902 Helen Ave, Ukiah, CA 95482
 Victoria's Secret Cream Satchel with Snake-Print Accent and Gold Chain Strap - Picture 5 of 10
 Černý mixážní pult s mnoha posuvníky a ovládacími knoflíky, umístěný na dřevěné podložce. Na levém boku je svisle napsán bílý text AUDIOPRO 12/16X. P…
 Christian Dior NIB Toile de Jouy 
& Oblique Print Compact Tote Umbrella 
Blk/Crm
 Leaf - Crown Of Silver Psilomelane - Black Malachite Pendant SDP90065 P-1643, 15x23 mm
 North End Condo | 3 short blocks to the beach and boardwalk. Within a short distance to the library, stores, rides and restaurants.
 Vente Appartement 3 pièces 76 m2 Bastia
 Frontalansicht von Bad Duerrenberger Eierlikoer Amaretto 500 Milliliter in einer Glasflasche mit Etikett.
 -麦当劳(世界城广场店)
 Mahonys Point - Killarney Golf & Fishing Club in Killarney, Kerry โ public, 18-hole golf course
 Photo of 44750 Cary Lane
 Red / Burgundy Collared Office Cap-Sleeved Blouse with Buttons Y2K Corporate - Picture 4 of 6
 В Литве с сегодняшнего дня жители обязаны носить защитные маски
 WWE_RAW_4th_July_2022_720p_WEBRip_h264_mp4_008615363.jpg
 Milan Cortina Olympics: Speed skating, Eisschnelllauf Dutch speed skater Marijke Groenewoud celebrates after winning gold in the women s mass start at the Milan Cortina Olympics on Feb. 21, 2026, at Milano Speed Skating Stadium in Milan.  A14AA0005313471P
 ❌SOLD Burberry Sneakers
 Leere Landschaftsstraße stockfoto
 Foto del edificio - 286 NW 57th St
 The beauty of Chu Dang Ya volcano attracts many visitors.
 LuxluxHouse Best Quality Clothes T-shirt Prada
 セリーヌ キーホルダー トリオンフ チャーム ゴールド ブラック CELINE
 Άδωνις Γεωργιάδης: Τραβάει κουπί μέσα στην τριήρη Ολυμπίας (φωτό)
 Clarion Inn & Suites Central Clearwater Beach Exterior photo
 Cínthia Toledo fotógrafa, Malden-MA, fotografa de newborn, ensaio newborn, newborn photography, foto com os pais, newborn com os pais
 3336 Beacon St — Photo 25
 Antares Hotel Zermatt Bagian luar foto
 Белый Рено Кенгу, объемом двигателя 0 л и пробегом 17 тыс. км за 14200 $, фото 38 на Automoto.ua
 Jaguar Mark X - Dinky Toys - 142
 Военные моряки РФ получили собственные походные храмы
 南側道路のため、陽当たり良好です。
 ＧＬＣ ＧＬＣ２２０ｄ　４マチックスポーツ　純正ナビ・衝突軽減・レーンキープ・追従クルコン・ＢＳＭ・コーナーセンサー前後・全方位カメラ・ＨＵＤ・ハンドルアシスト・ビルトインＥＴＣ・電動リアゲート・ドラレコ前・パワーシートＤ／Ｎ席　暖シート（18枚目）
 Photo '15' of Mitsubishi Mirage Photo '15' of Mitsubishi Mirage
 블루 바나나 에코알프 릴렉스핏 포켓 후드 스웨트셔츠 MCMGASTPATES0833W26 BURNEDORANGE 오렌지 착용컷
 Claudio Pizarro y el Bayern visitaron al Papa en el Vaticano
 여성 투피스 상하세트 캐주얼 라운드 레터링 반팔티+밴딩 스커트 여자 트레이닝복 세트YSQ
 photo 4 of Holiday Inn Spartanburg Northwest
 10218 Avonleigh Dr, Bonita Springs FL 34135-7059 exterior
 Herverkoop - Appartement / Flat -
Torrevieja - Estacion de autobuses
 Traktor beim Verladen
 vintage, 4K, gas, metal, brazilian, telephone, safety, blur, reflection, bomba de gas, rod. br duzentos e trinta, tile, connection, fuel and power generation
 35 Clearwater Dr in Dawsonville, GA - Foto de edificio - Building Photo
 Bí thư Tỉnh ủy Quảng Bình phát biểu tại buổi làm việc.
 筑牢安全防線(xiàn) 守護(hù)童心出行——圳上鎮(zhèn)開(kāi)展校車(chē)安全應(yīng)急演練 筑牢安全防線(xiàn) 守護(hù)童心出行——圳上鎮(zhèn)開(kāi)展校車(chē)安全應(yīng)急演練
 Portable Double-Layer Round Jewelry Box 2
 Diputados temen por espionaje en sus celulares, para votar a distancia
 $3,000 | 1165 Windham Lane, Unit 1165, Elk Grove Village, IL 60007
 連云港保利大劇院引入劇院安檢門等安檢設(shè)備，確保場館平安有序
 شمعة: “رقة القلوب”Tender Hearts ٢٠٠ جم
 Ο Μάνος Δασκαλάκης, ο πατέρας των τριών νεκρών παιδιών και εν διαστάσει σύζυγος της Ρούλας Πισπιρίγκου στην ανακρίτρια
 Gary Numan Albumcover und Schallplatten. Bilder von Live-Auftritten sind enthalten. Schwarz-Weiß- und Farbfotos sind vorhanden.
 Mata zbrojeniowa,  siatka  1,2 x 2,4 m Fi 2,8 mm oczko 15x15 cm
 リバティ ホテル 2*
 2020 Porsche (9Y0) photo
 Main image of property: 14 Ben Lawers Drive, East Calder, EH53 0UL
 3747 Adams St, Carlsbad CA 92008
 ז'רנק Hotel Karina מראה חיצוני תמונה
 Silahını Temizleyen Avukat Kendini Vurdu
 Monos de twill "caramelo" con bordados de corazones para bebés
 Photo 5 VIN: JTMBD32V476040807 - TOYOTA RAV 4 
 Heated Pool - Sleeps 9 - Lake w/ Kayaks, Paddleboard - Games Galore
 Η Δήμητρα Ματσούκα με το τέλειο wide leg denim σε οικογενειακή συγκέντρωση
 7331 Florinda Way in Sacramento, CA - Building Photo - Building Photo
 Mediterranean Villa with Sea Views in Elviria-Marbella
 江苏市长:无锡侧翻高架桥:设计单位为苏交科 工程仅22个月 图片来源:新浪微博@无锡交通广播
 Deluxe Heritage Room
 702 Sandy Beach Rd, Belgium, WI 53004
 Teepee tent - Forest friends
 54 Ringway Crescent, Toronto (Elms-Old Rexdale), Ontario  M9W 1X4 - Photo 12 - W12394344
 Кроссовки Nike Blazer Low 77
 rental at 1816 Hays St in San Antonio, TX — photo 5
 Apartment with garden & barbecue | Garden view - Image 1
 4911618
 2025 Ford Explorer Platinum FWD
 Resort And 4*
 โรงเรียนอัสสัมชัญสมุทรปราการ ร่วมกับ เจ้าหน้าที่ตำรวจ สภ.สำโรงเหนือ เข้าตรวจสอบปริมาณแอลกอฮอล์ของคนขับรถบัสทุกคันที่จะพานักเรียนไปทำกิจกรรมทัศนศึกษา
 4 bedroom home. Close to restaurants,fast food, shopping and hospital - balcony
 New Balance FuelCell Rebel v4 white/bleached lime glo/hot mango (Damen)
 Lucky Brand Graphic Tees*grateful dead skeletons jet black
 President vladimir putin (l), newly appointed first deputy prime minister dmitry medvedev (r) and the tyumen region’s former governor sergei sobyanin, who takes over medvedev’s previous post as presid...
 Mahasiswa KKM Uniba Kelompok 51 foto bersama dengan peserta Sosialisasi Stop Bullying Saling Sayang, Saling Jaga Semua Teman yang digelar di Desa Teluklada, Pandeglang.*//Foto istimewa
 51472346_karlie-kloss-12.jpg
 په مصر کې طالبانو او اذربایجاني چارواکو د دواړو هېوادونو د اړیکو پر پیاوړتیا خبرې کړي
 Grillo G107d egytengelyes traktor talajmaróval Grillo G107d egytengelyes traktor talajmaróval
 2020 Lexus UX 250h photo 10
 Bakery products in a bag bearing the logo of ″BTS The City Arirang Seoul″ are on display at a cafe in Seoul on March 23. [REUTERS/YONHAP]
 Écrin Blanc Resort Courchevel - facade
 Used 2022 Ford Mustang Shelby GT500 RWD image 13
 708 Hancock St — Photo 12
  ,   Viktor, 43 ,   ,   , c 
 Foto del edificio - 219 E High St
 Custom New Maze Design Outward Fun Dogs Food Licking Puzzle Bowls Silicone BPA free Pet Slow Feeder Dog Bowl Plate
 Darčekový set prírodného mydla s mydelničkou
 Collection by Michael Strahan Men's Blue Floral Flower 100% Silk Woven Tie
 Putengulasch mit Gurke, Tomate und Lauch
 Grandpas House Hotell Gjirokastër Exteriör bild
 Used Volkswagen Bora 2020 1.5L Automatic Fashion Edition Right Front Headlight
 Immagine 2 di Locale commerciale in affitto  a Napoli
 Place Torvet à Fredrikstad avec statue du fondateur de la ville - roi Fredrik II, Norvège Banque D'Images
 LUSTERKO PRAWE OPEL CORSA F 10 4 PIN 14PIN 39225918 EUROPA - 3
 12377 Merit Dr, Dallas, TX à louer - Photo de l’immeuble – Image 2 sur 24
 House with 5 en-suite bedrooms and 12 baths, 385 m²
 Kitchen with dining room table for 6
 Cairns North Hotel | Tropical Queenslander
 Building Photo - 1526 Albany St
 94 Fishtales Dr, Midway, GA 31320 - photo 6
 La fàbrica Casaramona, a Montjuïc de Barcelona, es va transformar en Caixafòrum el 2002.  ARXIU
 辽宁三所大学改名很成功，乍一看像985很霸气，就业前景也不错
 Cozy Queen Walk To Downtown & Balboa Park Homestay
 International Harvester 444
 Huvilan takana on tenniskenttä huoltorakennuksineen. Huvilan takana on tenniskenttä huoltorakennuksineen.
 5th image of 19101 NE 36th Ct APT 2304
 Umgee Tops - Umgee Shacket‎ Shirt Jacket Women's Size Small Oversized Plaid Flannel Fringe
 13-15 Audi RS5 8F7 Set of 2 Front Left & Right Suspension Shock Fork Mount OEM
##############################
● **To do**
Using the records above, restate word for word the lines from the one with "Putengulasch mit Gurke, Tomate und Lauch" through the one with "Umgee Tops - Umgee", both included.

● **Exercise answer**
 Putengulasch mit Gurke, Tomate und Lauch
 Grandpas House Hotell Gjirokastër Exteriör bild
 Used Volkswagen Bora 2020 1.5L Automatic Fashion Edition Right Front Headlight
 Immagine 2 di Locale commerciale in affitto  a Napoli
 Place Torvet à Fredrikstad avec statue du fondateur de la ville - roi Fredrik II, Norvège Banque D'Images
 LUSTERKO PRAWE OPEL CORSA F 10 4 PIN 14PIN 39225918 EUROPA - 3
 12377 Merit Dr, Dallas, TX à louer - Photo de l’immeuble – Image 2 sur 24
 House with 5 en-suite bedrooms and 12 baths, 385 m²
 Kitchen with dining room table for 6
 Cairns North Hotel | Tropical Queenslander
 Building Photo - 1526 Albany St
 94 Fishtales Dr, Midway, GA 31320 - photo 6
 La fàbrica Casaramona, a Montjuïc de Barcelona, es va transformar en Caixafòrum el 2002.  ARXIU
 辽宁三所大学改名很成功，乍一看像985很霸气，就业前景也不错
 Cozy Queen Walk To Downtown & Balboa Park Homestay
 International Harvester 444
 Huvilan takana on tenniskenttä huoltorakennuksineen. Huvilan takana on tenniskenttä huoltorakennuksineen.
 5th image of 19101 NE 36th Ct APT 2304
 Umgee Tops - Umgee Shacket‎ Shirt Jacket Women's Size Small Oversized Plaid Flannel Fringe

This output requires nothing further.